You might have seen the banner she hung this fall on the slope over her home near Seacrest, reading “Trees Poisoned For View”; WSB has received a few notes asking “what’s the story?”
The answer, from Cook: She says the stand of red alder has been cut into with chainsaws and that in all, 17 have been dosed with poison.

These trees are at the top of a steep slope that Kaly Cook has owned as part of her property since the 1960s.
She says she has previously allowed other property owners to “top” the trees — removing the uppermost trunks and branches. “Topping,” however, is a damaging practice for trees, and experts say it ultimately results in a tree’s failure.
As Cook learned more about arboriculture and the importance of healthy trees to maintaining the structural integrity of her slope, she says she asked the property owners to hire an arborist to properly prune the trees rather than giving further permission to top them. She says: “Nothing happened for a while, but then I discovered trees were being both poisoned and cut down.”
She says she has since hired three different arborists to determine whether anything can be done to repair the damage. In the meantime, the trees that she says were poisoned five years ago are beginning to break and fall, endangering the people and animals that live below them.

Three goats also inhabit this hillside; as you can see from the next photo, a large trunk from the one of the poisoned trees narrowly missed crushing the goats’ house during a windstorm.

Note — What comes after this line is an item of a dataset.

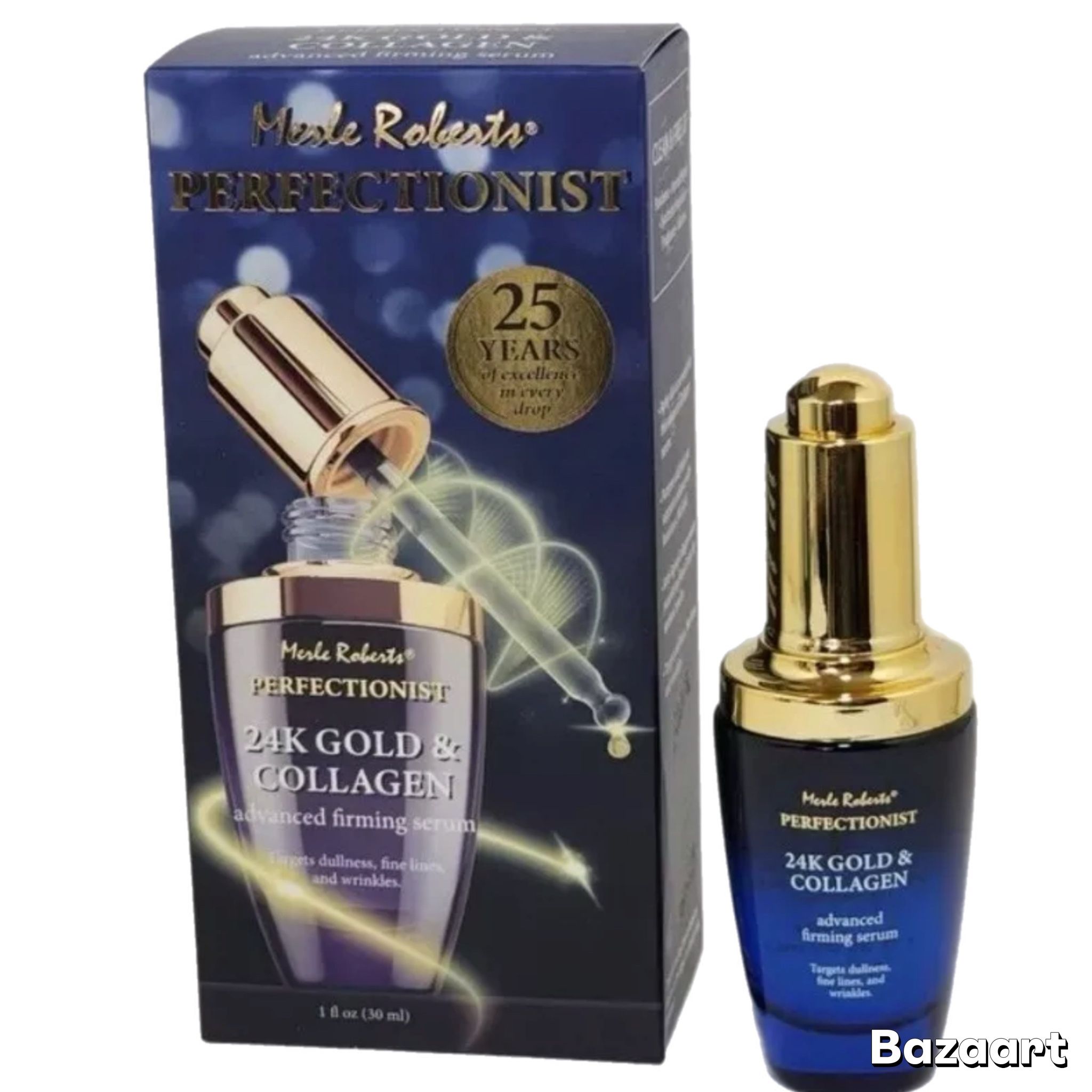 Merle Roberts Perfectionist - 24K Gold & Collagen Advanced Firming Serum - 1 oz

The arborists Cook hired determined that nothing can be done to save the trees, and if the city deems them to be hazardous, Cook will have to pay to take them down.
Nolan Rundquist, a City of Seattle arborist, calls this “really unfair.” He adds, “Trees are a part of the view. Unless you own everything between you and the view, you have no business thinking it’s your view.”
Asked about the role of trees in stabilizing slopes, especially a slope such as this one with natural springs running through it, the senior urban forester for Seattle Parks and Recreation, Mark Mead, says there are “multi-layered issues” with tree cover: “The roots pull water out of the soil (to keep it from getting saturated) and act as ‘glue’ — growing into a mesh that keeps sandy soil on the slope. The tree canopy intercepts water so it doesn’t reach the slope and it allows native vegetation to grow under the trees, absorbing more water, while shading it from invasive species. When you lose canopy, you get invasive species (such as blackberry or ivy) that are not as deeply rooted and less beneficial for soil retention.”
Arborist Rundquist says that without living trees on the slope, “I wouldn’t want to live at the top OR bottom of the hill. It’s scary stuff.”
There are ordinances against damaging trees, and the penalties are stiff fines. Private concerns that have been found guilty of damaging trees on public property have typically settled out of court. A case of illegal tree-damaging drew attention on city-owned Harbor Avenue land back in 2008, but records don’t show if it resulted in anything more than that.
Cook describes the hillside over her house as being home to “birds, raccoons, red fox and coyotes. We even had river otters come and splash around in the yard.” She adds, “I wish there were a resource for people who have trees and the people who want views. We need an intermediary.”
For urban forester Mead, it’s not a matter of losing a few trees. Seattle parks have lost two percent of their trees in just the past six years.* Because of the ecosystem services provided by trees, such as removal of pollutants from the atmosphere and oxygen creation, as well as the natural habitat and stabilizing reasons stated previously, Seattle is looking to increase its tree canopy to 30 percent, from the current 22 percent.
For this reason, Mead says emphatically that, “The loss of any tree in the city is a big deal.”
Meantime, since her contention is something that is difficult to prove short of actually catching someone in the act, Cook has hung her banner, and is hoping it makes her point.